§ **Data**:
——

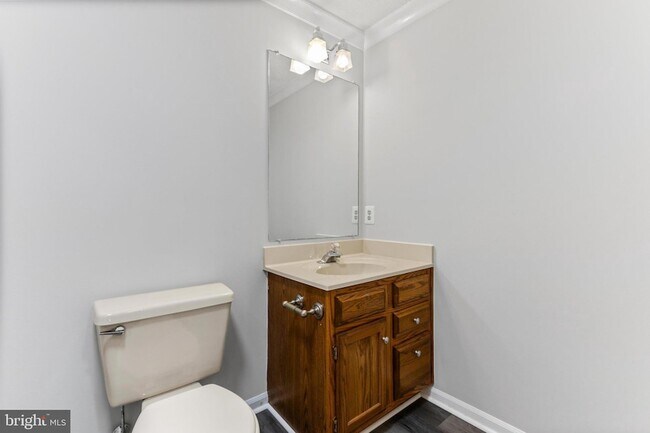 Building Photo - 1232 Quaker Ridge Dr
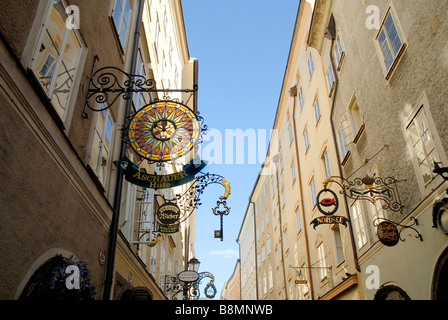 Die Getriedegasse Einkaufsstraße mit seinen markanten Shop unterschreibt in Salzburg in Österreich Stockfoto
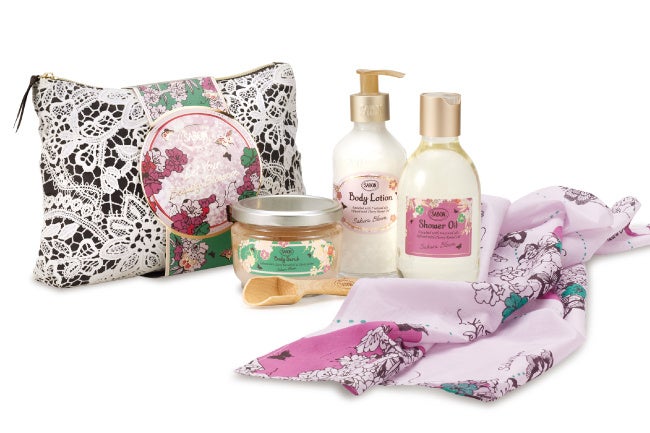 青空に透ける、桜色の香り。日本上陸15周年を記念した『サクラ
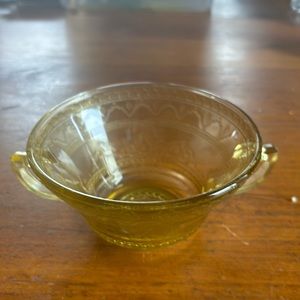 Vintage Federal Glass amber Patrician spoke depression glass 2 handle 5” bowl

——

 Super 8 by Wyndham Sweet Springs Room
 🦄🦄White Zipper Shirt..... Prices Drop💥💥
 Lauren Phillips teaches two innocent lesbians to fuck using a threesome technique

——

§ **Assignment**:
From the entries above, copy exactly the lines starting at the one with "Building Photo - 1232 Quaker Ridge Dr" and stopping at the one with "Vintage Federal Glass", keeping both ends. Drop the pictures.

§ **Exercise output**:
 Building Photo - 1232 Quaker Ridge Dr
 Die Getriedegasse Einkaufsstraße mit seinen markanten Shop unterschreibt in Salzburg in Österreich Stockfoto
 青空に透ける、桜色の香り。日本上陸15周年を記念した『サクラ
 Vintage Federal Glass amber Patrician spoke depression glass 2 handle 5” bowl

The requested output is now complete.